The other reading is that the man really has this latter understanding of the conflict -- that Jerusalem needs to be the eternal, undivided capitol of the state of Israel, for example. If this is the line then I don't think we are heading in a constructive way. If he is adopting the much more pro-Israeli reading, I don't really know whether there is a substantive difference between him and McCain.
Both of them are driven by election considerations and tactics and sensitivities especially in terms of the Jewish vote and all this stuff... But whether McCain is really committed to ... a much more constructive reading of the conflict that America needs to be much more engaged and much more honest as well as driven by issues of fairness ... I doubt that is really on the agenda for John McCain.
Q: You have spoken about the possibility, even the plausibility, of a one-state solution to the Israeli-Palestinian conflict. Could you elaborate on that?

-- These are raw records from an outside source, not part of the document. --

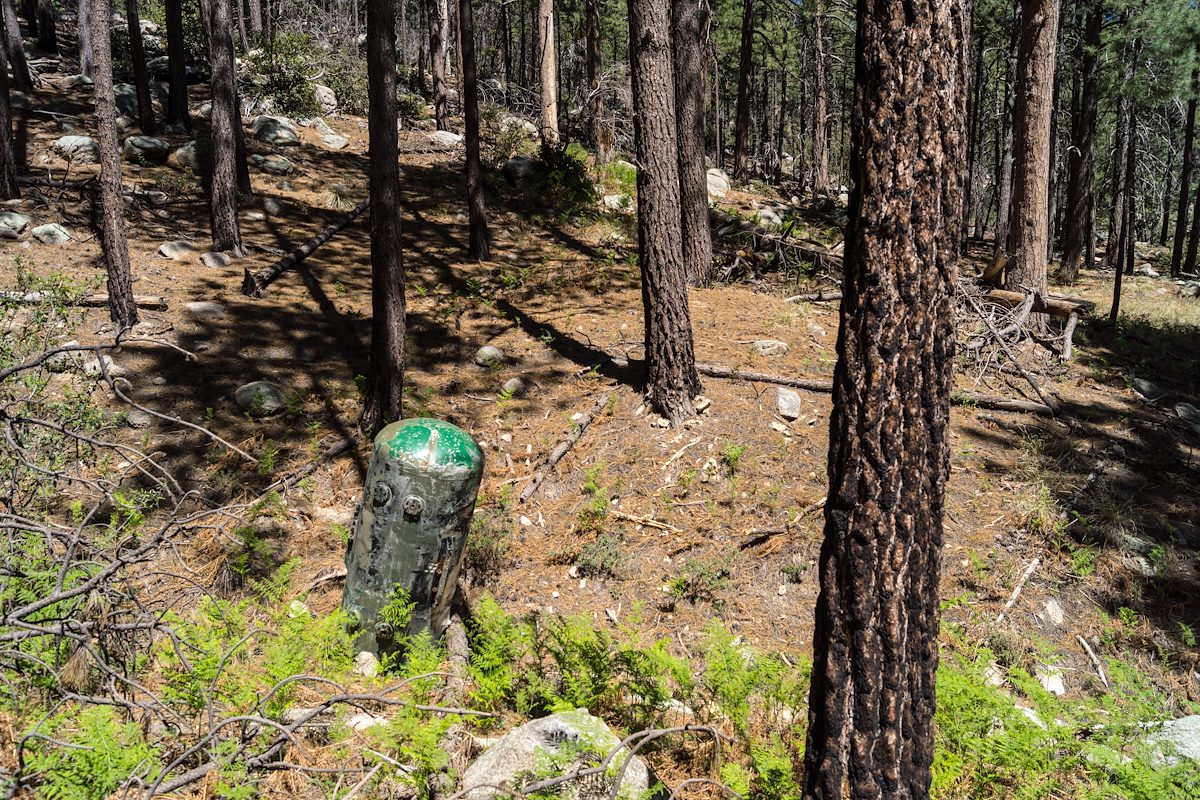 2013 June Mystery Tank along the CDO Shortcut Trail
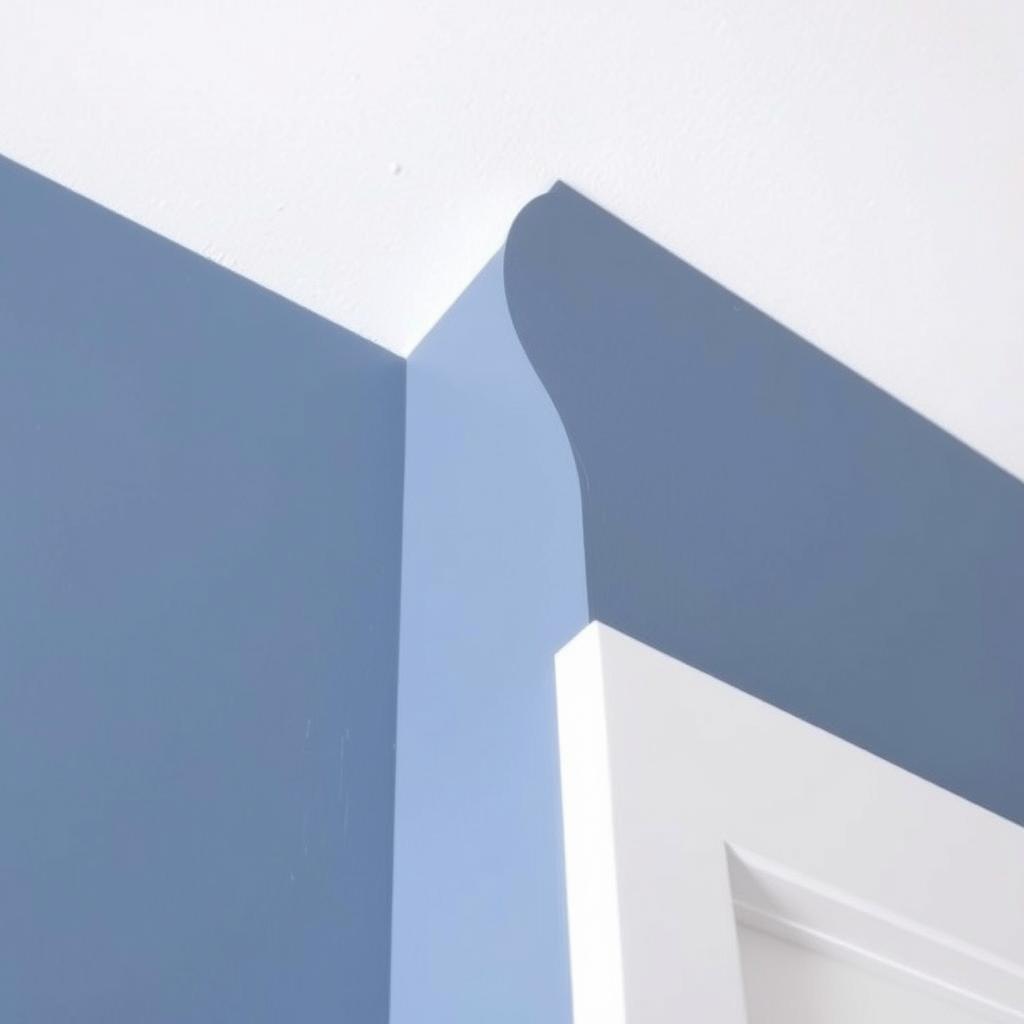 Metoda podziału kolorystycznego ze ścianą wchodzącą na sufit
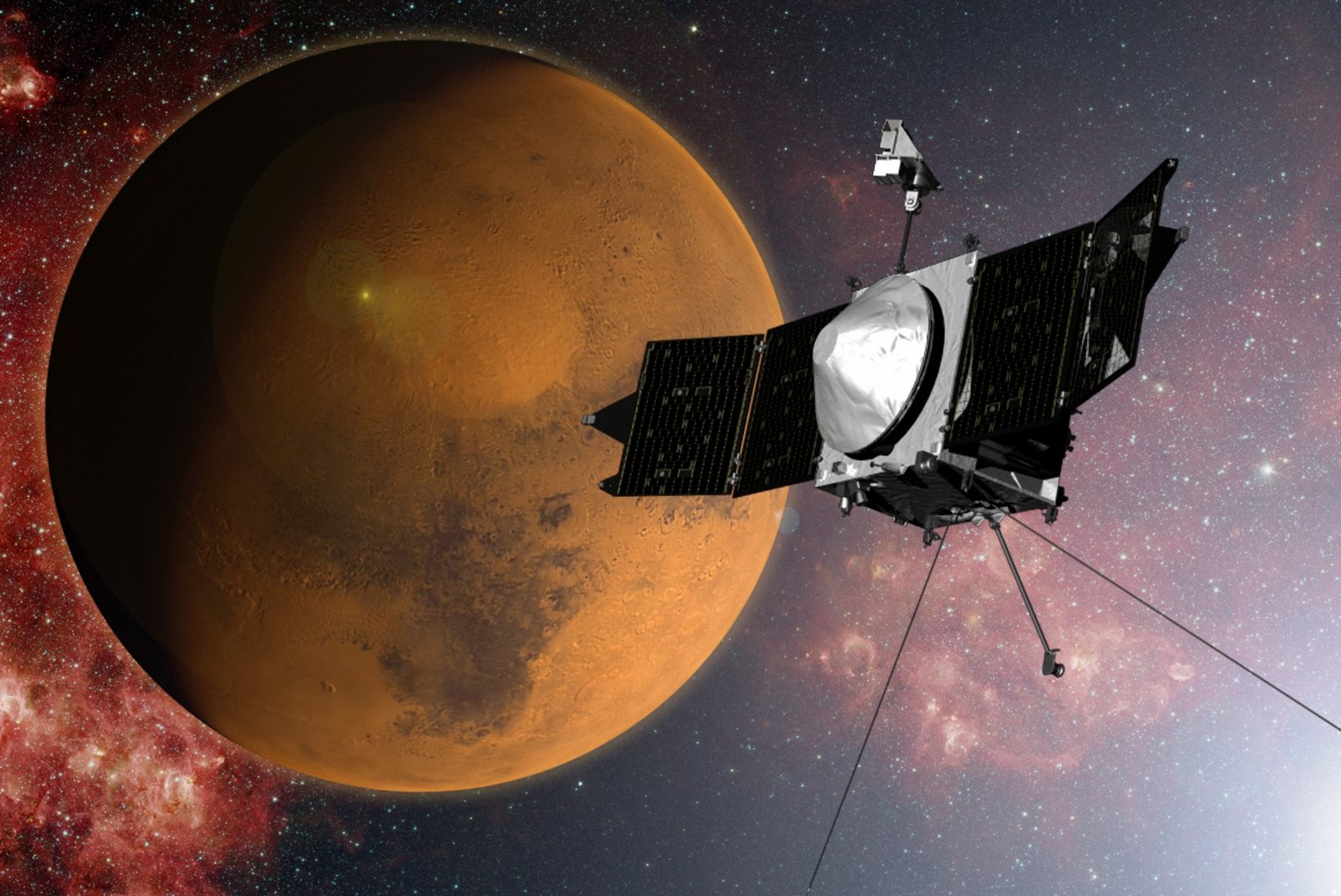MAVEN jõudis Marsi orbiidile, et uurida, miks kadus planeedilt soojus ja vesi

The Palestinian national project wanted the one-state solution from the very beginning. The Palestinians were saying, "This is Palestine, Israel is an occupying power, Zionism is a colonizing movement. We need to put an end to the occupation but we are open and keen to having Jewish Palestinians (as a part of a single state). They would be as Christians and Muslims." They were motivated by the idea of a secular, democratic state.
That was something that Fatah and others adopted until the late 1970s. Now it it's only in the late 1970s that voices inside Fatah said, "Listen, we probably have to take a different view and take a look at facts on the ground and the realities," and then they started working towards a two-state solution.
Here the Palestinians say, "Listen, we have given up 70 to 80 percent of historic Palestine. Now, we are willing to offer the state of Israel and the Zionist movement that we want only 22 percent of historical Palestine -- which is Gaza, the West Bank and East Jerusalem." This has been the only game in town since 1988.
Now whether we have achieved any significant progress on the two-state solution, the answer is absolutely no. The opposite, in fact. I think we are distancing ourselves by the day from a workable, achievable two-state solution.
Even earlier, during the 1940s, when Brit Shalom (an early 20th century Israeli political group committed to coexistence between Jews and Arabs), and people like Judah Magnus (a prominent Israeli intellectual and the first Chancellor of the Hebrew University in Jerusalem), proposed sharing the land with the Palestinians.
They weren't necessarily motivated by issues of equality and all of this stuff but they said, "We certainly cannot ignore the existence of a nation here." So the roots and origins of the bi-national or the one-state solution are not only to be found in the Palestinian national movement but also in the Zionist movement.
Q: So why does the one-state solution stand out to you as the most viable way to end the conflict?
This is extremely important. Palestinians are not only after a workable, sustainable, and viable Palestinian state. This is not what we want. Palestinians are after a sustainable and viable Palestinian state that secures and answers their national right -- that brings them emancipation, national determination, the return of their lands, the 1967 borders, and a solution to the refugee problem including the honoring of the right of return.
If we look at what is happening on the ground, and we look in terms of coming to terms with reconciliation and historical injustice, I think we remain with very few options to come to terms with these historical and empirical de facto things on the ground.
We will come to realize that the one-state solution in the form of a bi-national state where the bi-national state is securing and honoring the collective rights of the Jewish Israelis and the collective rights of the Palestinian Arabs and guaranteeing universal citizenship rights to everyone seems to be the most appealing and desirable solution.